DATA SHOWN START

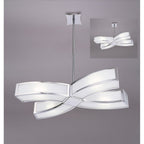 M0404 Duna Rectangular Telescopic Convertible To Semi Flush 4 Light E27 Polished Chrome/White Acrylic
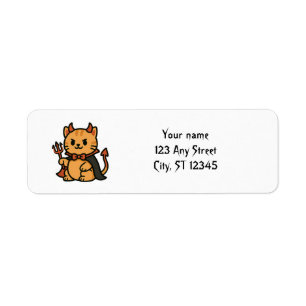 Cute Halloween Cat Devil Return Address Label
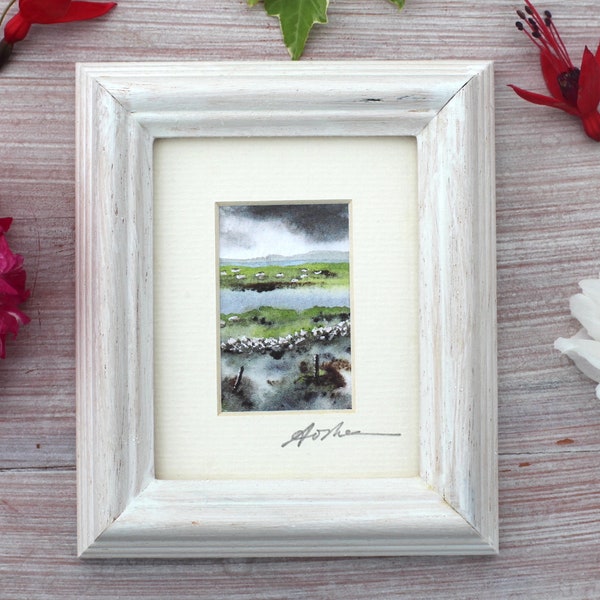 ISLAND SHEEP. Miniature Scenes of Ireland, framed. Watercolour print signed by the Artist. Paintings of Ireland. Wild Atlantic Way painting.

DATA SHOWN END
DATA SHOWN START

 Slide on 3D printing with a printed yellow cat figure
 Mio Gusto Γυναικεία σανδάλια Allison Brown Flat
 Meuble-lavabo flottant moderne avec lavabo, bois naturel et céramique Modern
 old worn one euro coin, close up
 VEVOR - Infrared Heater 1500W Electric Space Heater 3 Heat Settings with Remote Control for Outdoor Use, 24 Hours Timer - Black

DATA SHOWN END

What lines in the material above hold the word "with"? Pull them out.

### EXERCISE OUTPUT
 Slide on 3D printing with a printed yellow cat figure
 VEVOR - Infrared Heater 1500W Electric Space Heater 3 Heat Settings with Remote Control for Outdoor Use, 24 Hours Timer - Black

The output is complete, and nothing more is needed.